■ EXERCISE INSTRUCTIONS: The answer should consist of the records below, repeated exactly, and no pictures.

RECORDS FOR PROCESSING section start

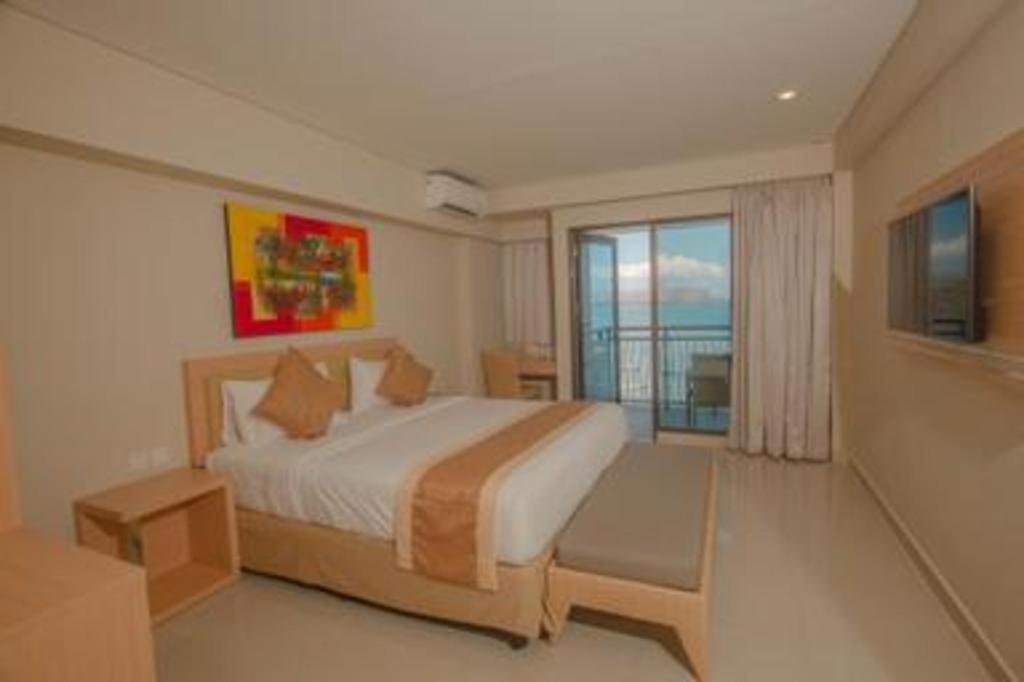 Laprima Hotel Flores Labuan Bajo Exterior foto
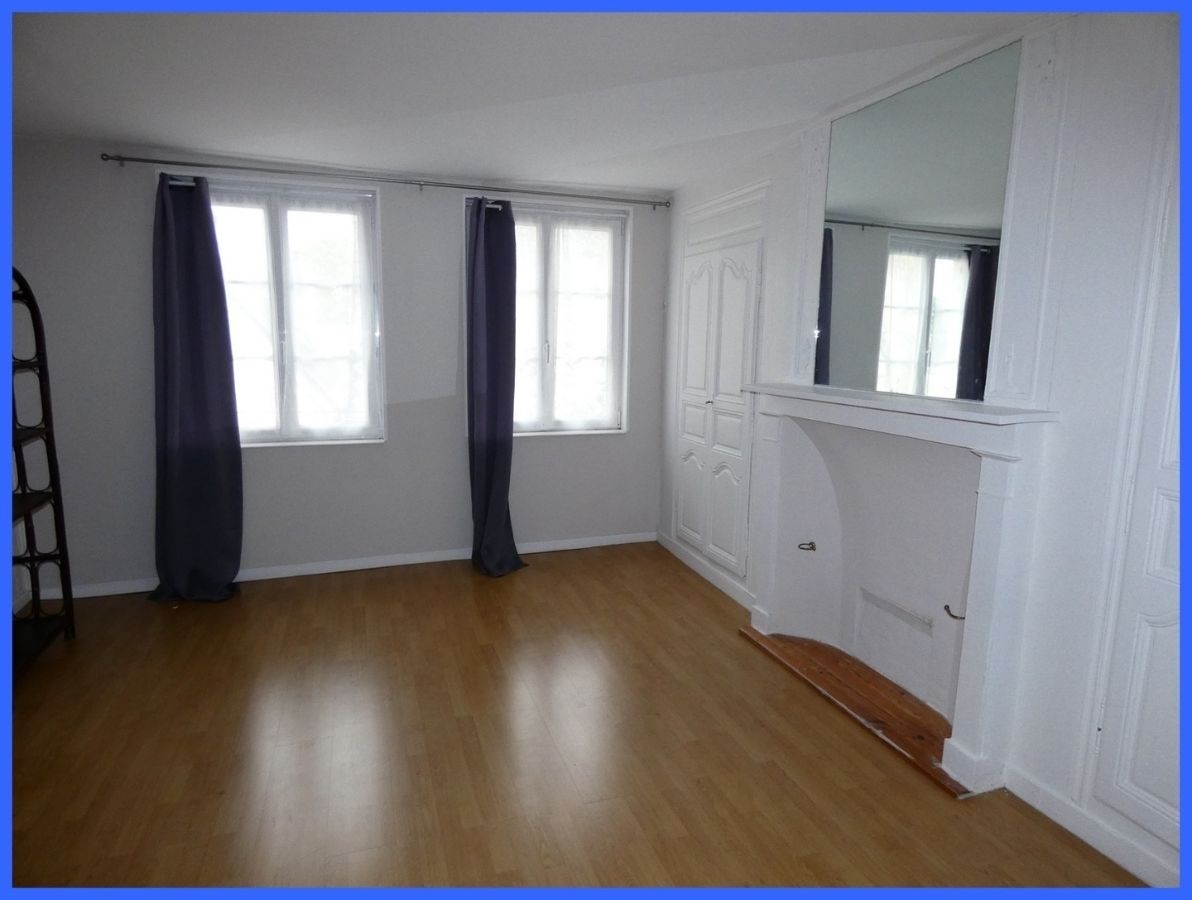 Plein centre ville de Rugles local et appartement libre d'activité à 86 000 €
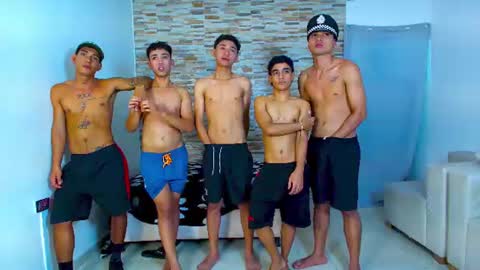 kinkyhousexxx online show from June 22, 3:25 am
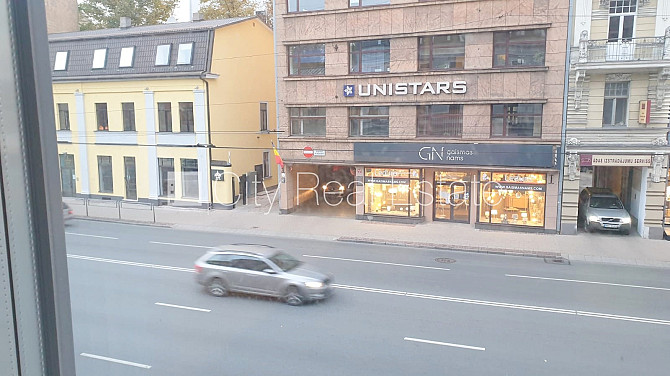 Fasādes māja, renovēta māja, slēgts pagalms, ieeja no ielas, kāpņu telpa pēc kapitālā Rīga - foto 8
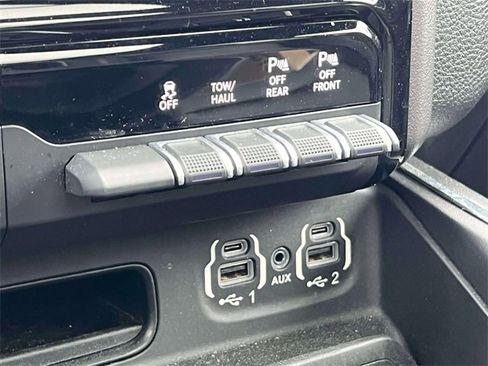 Used 2020 RAM 1500 Laramie image 29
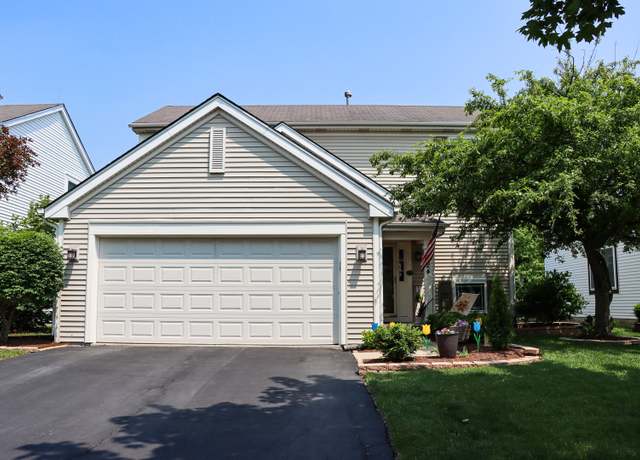 Property at 1024 Lakestone Ln, Aurora, IL 60504, 3 beds, 2.5 baths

RECORDS FOR PROCESSING section end

■ TASK OUTPUT:
 Laprima Hotel Flores Labuan Bajo Exterior foto
 Plein centre ville de Rugles local et appartement libre d'activité à 86 000 €
 kinkyhousexxx online show from June 22, 3:25 am
 Fasādes māja, renovēta māja, slēgts pagalms, ieeja no ielas, kāpņu telpa pēc kapitālā Rīga - foto 8
 Used 2020 RAM 1500 Laramie image 29
 Property at 1024 Lakestone Ln, Aurora, IL 60504, 3 beds, 2.5 baths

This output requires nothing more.